定点医療機関当たりの患者報告総数は前週比63%と減少した(連休含む)。なお、前週と比較して増加した主な疾患は特になく、減少した主な疾患はA群溶血性レンサ球菌咽頭炎、感染性胃腸炎であった。また、急性呼吸器感染症の報告数は前週比63%と減少した。

A群溶血性レンサ球菌咽頭炎の報告数は3,637人(1.6)で前週比50%と減少した。例年同時期の定点当たり平均値*(2.4)の約0.7倍であった。愛媛県(3.9)、奈良県(3.4)、宮崎県(3.3)からの報告が多く、年齢群別では4歳から5歳が全体の約2割を占めた。

感染性胃腸炎の報告数は6,970人(3.1)で前週比63%と減少した。例年同時期の定点当たり平均値*(5.7)の約0.5倍であった。島根県(5.1)、群馬県(5.0)、長野県(4.9)からの報告が多く、年齢群別では1歳から2歳が全体の約2割を占めた。

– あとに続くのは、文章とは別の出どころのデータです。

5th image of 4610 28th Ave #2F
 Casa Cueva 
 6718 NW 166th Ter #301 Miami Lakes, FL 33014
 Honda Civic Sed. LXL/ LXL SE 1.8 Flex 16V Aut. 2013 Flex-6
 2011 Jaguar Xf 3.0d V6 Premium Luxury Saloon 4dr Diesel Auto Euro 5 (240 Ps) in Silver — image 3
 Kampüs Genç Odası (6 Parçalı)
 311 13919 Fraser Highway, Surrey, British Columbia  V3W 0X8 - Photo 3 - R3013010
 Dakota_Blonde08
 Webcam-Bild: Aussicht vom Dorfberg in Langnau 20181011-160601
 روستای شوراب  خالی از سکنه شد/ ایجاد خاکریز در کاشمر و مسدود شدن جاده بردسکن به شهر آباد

* 新型コロナウイルス感染症流行前5年間(2015−2019)の
当該週、前週、後週(計15週)の平均値

月報告対象疾患の発生動向 <2026年4月>

性感染症

【宮崎県】 定点医療機関総数:13
定点医療機関からの報告総数は34人(2.6)で、前月比100%と横ばいであった。また、昨年4月(2.6)と同率であった。

《疾患別》

  • 性器クラミジア感染症:報告数17人(1.3)で、前月の約0.9倍、昨年4月の約0.8倍であった。20歳代が全体の約6割を占めた。(男性6人・女性11人)
  • 性器ヘルペスウイルス感染症:報告数8人(0.62)で、前月と同率で、昨年4月の約1.6倍であった。(女性8人)
  • 尖圭コンジローマ:報告数4人(0.31)で、前月の約1.3倍、昨年4月の約2.0倍であった。(女性4人)
  • 淋菌感染症:報告数5人(0.38)で、前月及び昨年4月と同率であった。(男性2人・女性3人)

【全国】
定点医療機関からの報告総数は4,033人(4.3)で、前月比96%とほぼ横ばいであった。疾患別報告数は、性器クラミジア感染症2,102人(2.2)で前月比94%、性器ヘルペスウイルス感染症869人(0.92)で前月比93%、尖圭コンジローマ447人(0.47)で前月比100%、淋菌感染症615人(0.65)で前月比102%であった。

薬剤耐性菌

【宮崎県】 定点医療機関総数:7
定点医療機関からの報告総数は14人(2.0)で、前月比67%と減少した。また、昨年4月(2.9)の約0.7倍であった。

《疾患別》

  • メチシリン耐性黄色ブドウ球菌感染症:報告数14人(2.0)で、前月及び昨年4月の約0.7倍であった。70歳以上が全体の約9割を占めた。
  • ペニシリン耐性肺炎球菌感染症:報告なし。
  • 薬剤耐性緑膿菌感染症 :報告なし。 (4月1日から4月5日までの報告)

【全国】
定点医療機関からの報告総数は1,161人(2.5)で、前月比93%と減少した。疾患別報告数は、メチシリン耐性黄色ブドウ球菌感染症1,132人(2.4)で前月比93%、ペニシリン耐性肺炎球菌感染症28人(0.06)で前月比100%、薬剤耐性緑膿菌感染症※1人であった。

※令和8年4月6日から、「薬剤耐性緑膿菌感染症」を全数把握対象疾患とし、
あわせて名称が「多剤耐性緑膿菌感染症」に変更となりました。